┏━━

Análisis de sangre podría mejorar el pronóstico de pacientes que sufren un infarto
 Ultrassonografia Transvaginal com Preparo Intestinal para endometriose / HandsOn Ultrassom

┗━━
┏━━

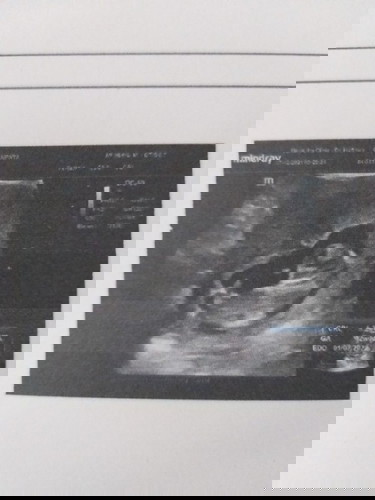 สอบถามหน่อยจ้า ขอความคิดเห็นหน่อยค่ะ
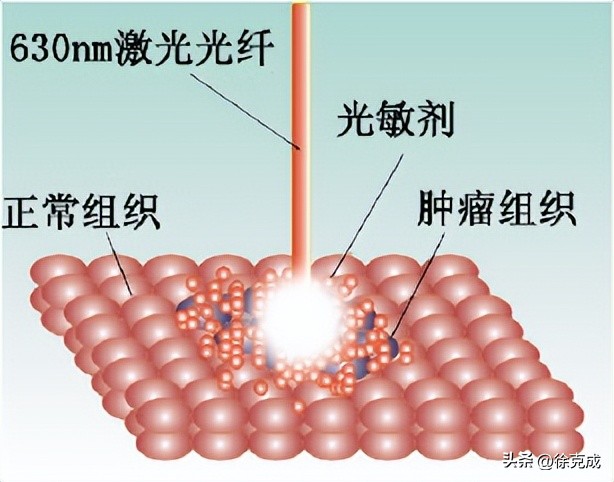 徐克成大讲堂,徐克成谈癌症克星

┗━━
┏━━

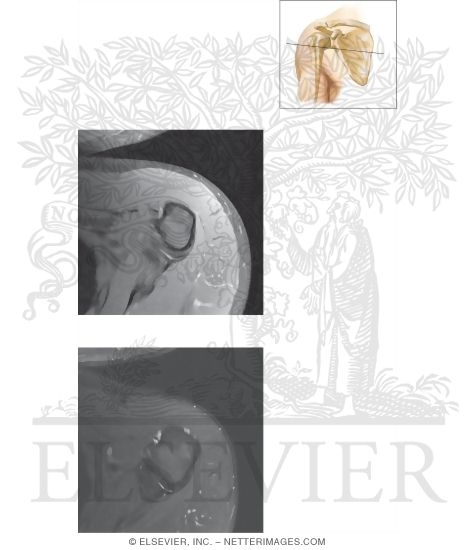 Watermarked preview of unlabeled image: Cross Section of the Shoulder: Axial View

┗━━

> [Work order] Reproduce exactly the section above that begins at the line containing "Análisis de sangre" and ends at the line containing "Ultrassonografia Transvaginal com", leaving out all other lines.

> [Response box]
Análisis de sangre podría mejorar el pronóstico de pacientes que sufren un infarto
 Ultrassonografia Transvaginal com Preparo Intestinal para endometriose / HandsOn Ultrassom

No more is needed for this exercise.